WASHINGTON (Reuters) – Protesters at Howard University chanted and booed on Friday through James Comey’s first public address since he testified to Congress on the Russia probe and his firing by U.S. President Donald Trump, challenging the former FBI director with a taste of the “real world” he was trying to describe to them.
Members of the audience began chanting the civil rights song “We Shall Not Be Moved” as Comey stood at the podium during a video about the historically black university.
Chants continued and intensified at times as he began his address, which focused on how he believed college campuses were very much a part of what he called the “real world.”

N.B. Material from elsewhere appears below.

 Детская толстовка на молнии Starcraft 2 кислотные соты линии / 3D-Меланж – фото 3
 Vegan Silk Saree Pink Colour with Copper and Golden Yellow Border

Comey did not ignore the protesters.
“The rest of the real world is a place where it’s hard sometimes to find people who will listen with an attitude that they might actually be convinced of something,” he told them.
“Instead, what happens in most of the real world – and about four rows in this auditorium – is that people don’t listen at all. They just try to figure out what rebuttal they’re going to offer when you’re done speaking.”

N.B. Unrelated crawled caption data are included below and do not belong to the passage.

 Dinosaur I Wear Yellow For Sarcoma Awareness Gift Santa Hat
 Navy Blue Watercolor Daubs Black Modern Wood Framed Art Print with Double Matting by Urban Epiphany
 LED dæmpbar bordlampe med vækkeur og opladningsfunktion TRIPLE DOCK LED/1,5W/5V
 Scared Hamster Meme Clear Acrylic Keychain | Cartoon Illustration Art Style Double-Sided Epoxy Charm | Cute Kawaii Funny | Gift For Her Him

Comey became a lightning rod for criticism from Democrats when he announced shortly before the Nov. 8, 2016, U.S. presidential election that the Federal Bureau of Investigation had discovered a new trove of emails involving the party’s presidential candidate, Hillary Clinton. Many, including Clinton, said they believed this contributed to her loss to Republican Trump.
In June testimony before a congressional panel, Comey accused the president of firing him in May to try to undermine the FBI’s investigation of possible collusion by Trump’s campaign with Russia’s alleged efforts to influence the 2016 election.
The president has denied he tried to interfere with an FBI investigation, but Comey has remained a favorite target of Trump.